Some critics call the nearly 23-foot-long painting one of the Top 10 works of Chinese art, and this month, museumgoers can finally see why. “It’s a model of the landscape paintings done since the Song Dynasty using simple, pure strokes to express an artist’s idea or feeling,” says curator He Chuan-hsin.
More than 90,000 people have already braved lines to see the scroll, made in 1350 by Huang Gongwang. Back then, an adoring collector ordered that the scroll be burned at his death. The fire claimed 7 percent before the rest was saved – in two pieces. A nearly 21-foot-long segment landed in the Qing Dynasty’s imperial collection and was taken to Taiwan after the Chinese civil war in 1949. The smaller piece stayed in China. “I should think it wouldn’t be easy at all to keep both parts separate for so long,” said museum visitor and high school teacher Yao Lifang, from China.

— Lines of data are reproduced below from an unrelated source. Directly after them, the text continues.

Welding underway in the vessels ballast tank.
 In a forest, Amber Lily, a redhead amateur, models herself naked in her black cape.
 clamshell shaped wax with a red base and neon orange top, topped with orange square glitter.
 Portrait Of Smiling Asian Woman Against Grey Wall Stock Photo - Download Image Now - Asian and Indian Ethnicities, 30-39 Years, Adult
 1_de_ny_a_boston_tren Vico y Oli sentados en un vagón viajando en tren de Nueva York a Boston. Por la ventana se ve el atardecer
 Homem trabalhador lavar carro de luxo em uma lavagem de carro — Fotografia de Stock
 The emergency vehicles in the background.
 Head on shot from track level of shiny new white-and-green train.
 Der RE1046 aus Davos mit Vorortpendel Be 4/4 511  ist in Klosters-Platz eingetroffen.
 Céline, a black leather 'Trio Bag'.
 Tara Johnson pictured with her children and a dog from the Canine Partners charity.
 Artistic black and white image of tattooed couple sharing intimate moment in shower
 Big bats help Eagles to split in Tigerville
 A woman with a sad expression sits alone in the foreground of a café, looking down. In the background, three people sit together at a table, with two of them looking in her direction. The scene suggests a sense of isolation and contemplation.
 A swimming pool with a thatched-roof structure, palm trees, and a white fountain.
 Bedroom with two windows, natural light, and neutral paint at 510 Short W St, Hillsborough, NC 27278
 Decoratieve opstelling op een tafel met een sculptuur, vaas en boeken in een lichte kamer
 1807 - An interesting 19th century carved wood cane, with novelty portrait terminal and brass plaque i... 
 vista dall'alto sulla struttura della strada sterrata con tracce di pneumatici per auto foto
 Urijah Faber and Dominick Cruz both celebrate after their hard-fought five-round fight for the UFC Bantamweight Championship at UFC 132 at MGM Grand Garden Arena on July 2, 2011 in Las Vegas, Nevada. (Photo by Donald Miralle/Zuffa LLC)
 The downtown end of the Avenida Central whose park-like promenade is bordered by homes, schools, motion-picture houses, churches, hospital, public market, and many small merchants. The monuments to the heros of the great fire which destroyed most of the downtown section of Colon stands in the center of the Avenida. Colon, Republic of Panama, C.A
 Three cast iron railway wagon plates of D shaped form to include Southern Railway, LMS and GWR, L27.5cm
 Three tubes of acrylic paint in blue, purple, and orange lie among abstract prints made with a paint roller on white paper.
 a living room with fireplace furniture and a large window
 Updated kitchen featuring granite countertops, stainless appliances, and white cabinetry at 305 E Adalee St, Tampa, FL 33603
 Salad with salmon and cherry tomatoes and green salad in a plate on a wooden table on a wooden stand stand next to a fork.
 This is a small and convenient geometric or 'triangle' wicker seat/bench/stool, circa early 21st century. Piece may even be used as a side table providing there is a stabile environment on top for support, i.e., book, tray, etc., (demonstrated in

Mr. Yao’s government sees the scroll as a metaphor for China and Taiwan after more than 60 years of political separation. Beijing claims the self-ruled island as its own. The museum near Shanghai, China, that houses the smaller piece suggested uniting the pieces in 2008 following the election of a conciliatory president in Taiwan. The small piece returns to China in September, however, and Taiwanese are not keen to reconcile.